Connected party sales, SIP 13 and naughty IPs

Many of you will have noticed the recent publicity about the closure of 8 companies by the Secretary of State on public interest grounds.  One of these was last year and involved a company that essentially found companies in distress and parachuted in its own directors to guide the company into liquidation, allegedly using a malleable IP to smooth the process and allow the old directors to buy back the remaining assets without too much due diligence.  More recently, a group of companies connected to a man with a colourful history in the profession has been using marketing techniques that involved criticising the profession and suggesting the directors were better using them and “their” panel of IPs to restructure via a pre-pack administration.  Early examples of this that we saw involved companies moving from CVA to administration without giving notice to the unsuspecting supervisor. Call us naive, but we did not realise that the IPs involved were paying to receive the group’s referrals, as indicated in the Insolvency Service’s press release.  As many as six IPs may be facing regulatory attention.  We wonder whether the solicitors that acted in the appointments will be allowed to get off without scrutiny, but that is not what this article is about. 

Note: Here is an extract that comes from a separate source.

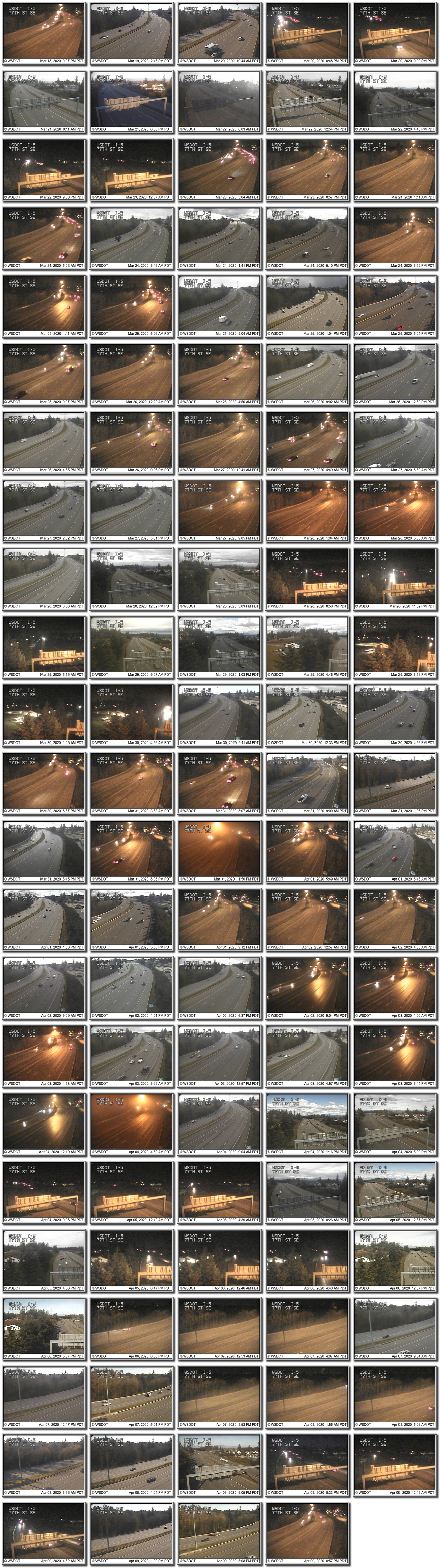Image map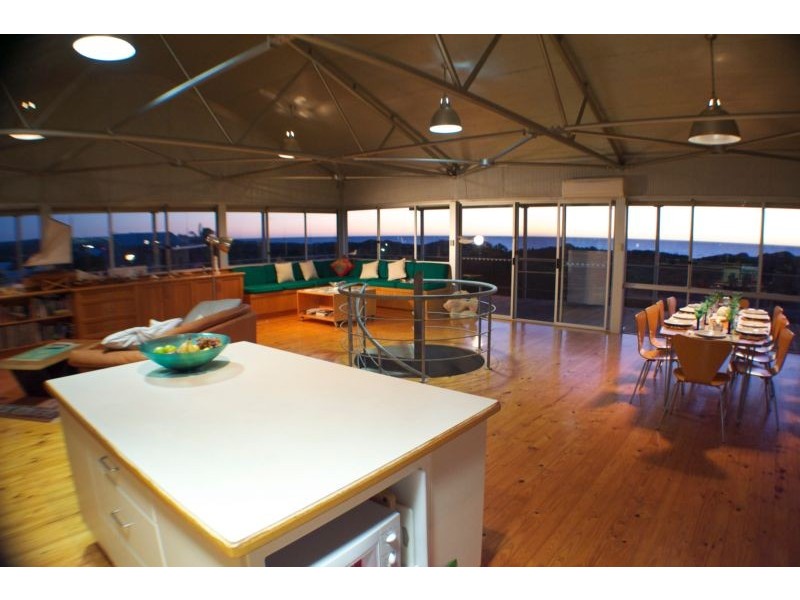 6 Francis Close, Kalbarri WA 6536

The common theme between these two operations is that the directors were given the impression that they were entitled to the remaining assets and that any proposed sale was a “done deal” at their price, with little or no check on asset values or marketing outside the connected parties.

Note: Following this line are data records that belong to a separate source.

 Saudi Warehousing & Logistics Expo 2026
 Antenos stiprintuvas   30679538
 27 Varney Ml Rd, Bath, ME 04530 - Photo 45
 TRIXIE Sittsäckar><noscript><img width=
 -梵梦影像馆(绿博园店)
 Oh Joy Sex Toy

As a result of all of the above attention, there is considerable regulatory concern that IPs should not be seen to be selling assets to connected parties without checking that they are getting the best deal possible with appropriate valuations and marketing.  We are already aware that one regulator intends to collect details of a sample of connected party sales conducted by its practitioners.  They will be asking for details of the number of cases, the referral sources, the assets sold, the value obtained, the valuer used and the IP’s fees, and they will analyse them to see if there is a correlation.  Any IP doing all of his connected sales through a single referral source for pretty much the same value, agreed by the same valuer and correlating closely to his fees, can expect to be asked more questions and possibly face a targeted visit.

Underpinning all of this is a requirement in SIP 13, which is old and on the table for revision, but currently says, at paragraph 5.2, “…unless sale by auction is the chosen means of disposal, [the IP should] take steps to advertise assets for sale or circularise (for example, by use of mailing lists) known prospective interested parties.” Even when the SIP is revised, it is likely to require the sort of valuation and marketing principles required under SIP 16.

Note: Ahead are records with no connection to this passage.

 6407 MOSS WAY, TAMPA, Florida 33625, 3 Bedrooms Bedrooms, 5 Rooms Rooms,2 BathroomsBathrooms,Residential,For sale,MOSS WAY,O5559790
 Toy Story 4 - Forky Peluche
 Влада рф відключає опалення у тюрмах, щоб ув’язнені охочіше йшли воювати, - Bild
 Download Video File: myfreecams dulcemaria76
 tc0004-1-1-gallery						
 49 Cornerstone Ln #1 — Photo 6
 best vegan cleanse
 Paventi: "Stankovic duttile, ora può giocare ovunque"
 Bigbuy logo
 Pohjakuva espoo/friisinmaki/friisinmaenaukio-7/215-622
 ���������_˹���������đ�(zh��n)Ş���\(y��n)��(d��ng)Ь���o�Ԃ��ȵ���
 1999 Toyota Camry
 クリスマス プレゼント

So, to avoid attracting a lot of regulatory attention, you should identify any potential connected party sales at an early stage and ensure that you comply fully with SIP 13.  Make sure that any meeting or engagement terms clearly set out that there is no certainty that the assets will be sold to the connected party and that you must conduct appropriate valuations and marketing.  Ensure that any valuation is a genuine valuation of inventoried assets by an appropriate agent, not just a rushed desktop approval of the connected parties offer by the same valuer every time.  Take reasonable steps to market the assets, using your agents’ contact lists or one of the online auction sites to gauge any interest in the assets outside the connected parties.  Finally, record the steps that you have taken and confirm that you are happy that you have done everything reasonable before you agree any sale, making as much disclosure as you can, say in the S98 meeting notices or at the meeting itself, so that you can show that you have been completely transparent in your dealings.

Marketing should be done as a matter of routine, as without testing the market you cannot tell if you have achieved the best price for the business or assets.  If, however as an exceptional matter, you decide that marketing is not appropriate in the circumstances of the case, then to protect yourself you should both file note the reasons for that decision and make disclosure to the creditors.

Unfortunately, the inappropriate behaviour of a few individuals has again tarnished the reputation of the whole profession, but I take comfort that despite the delay, the companies have now been wound up and the culprits are on the way to being dealt with.  We don’t blame the regulators for looking more closely at this area in the light of those cases and we can only appeal to you to give SIP 13 your special attention while the focus is on connected party transactions.